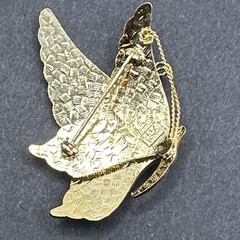 Vintage Butterfly Fish & Crown Brooch Pin J44H
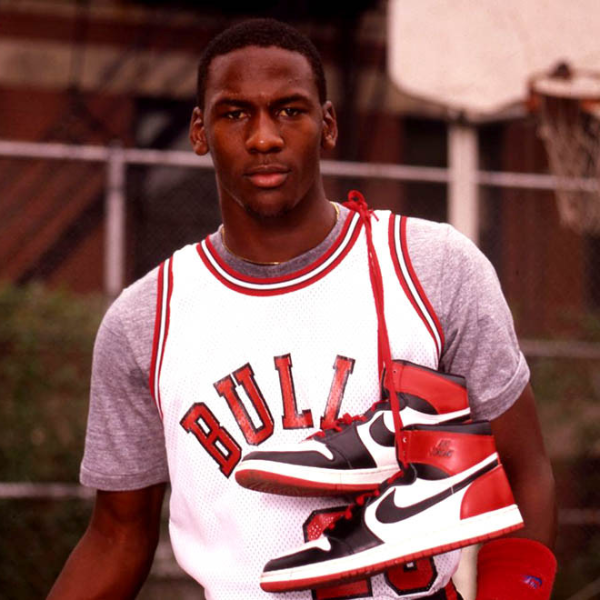 老鞋迷都濕了！傳奇神鞋 Air Jordan 1 全新紀錄片《 Unbanned: The Legend of AJ1 》預告釋出！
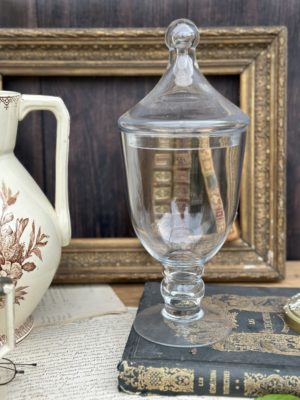 Réservé - 2 drageoirs en verre, légumier St. Amand modèle Manon, petit plateau et les œufs décoratifs en pierre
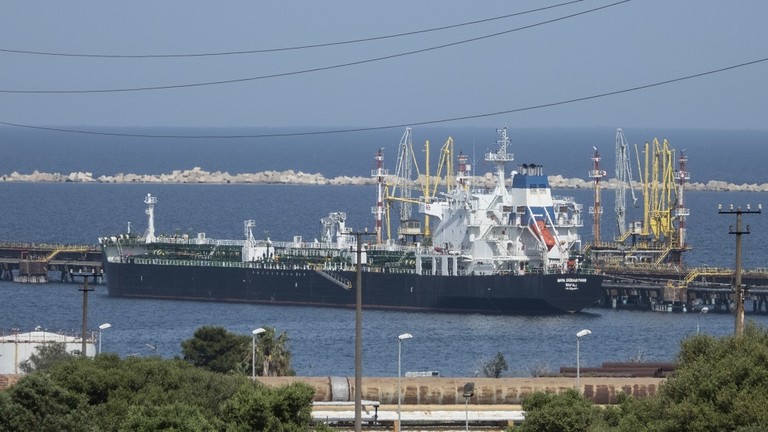 T&agrave;u chở dầu San Sebastian được cập cảng tại nh&agrave; m&aacute;y lọc dầu ISAB thuộc sở hữu của Nga gần Syracuse, Sicily, ng&agrave;y 31/5/2022. Ảnh: AP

::::

• Your instructions
What is needed is a verbatim copy of the lines running from the one with "老鞋迷都濕了！傳奇神鞋 Air Jordan" through the last line of the listing above, excluding any pictures.

• Your response
 老鞋迷都濕了！傳奇神鞋 Air Jordan 1 全新紀錄片《 Unbanned: The Legend of AJ1 》預告釋出！
 Réservé - 2 drageoirs en verre, légumier St. Amand modèle Manon, petit plateau et les œufs décoratifs en pierre
 T&agrave;u chở dầu San Sebastian được cập cảng tại nh&agrave; m&aacute;y lọc dầu ISAB thuộc sở hữu của Nga gần Syracuse, Sicily, ng&agrave;y 31/5/2022. Ảnh: AP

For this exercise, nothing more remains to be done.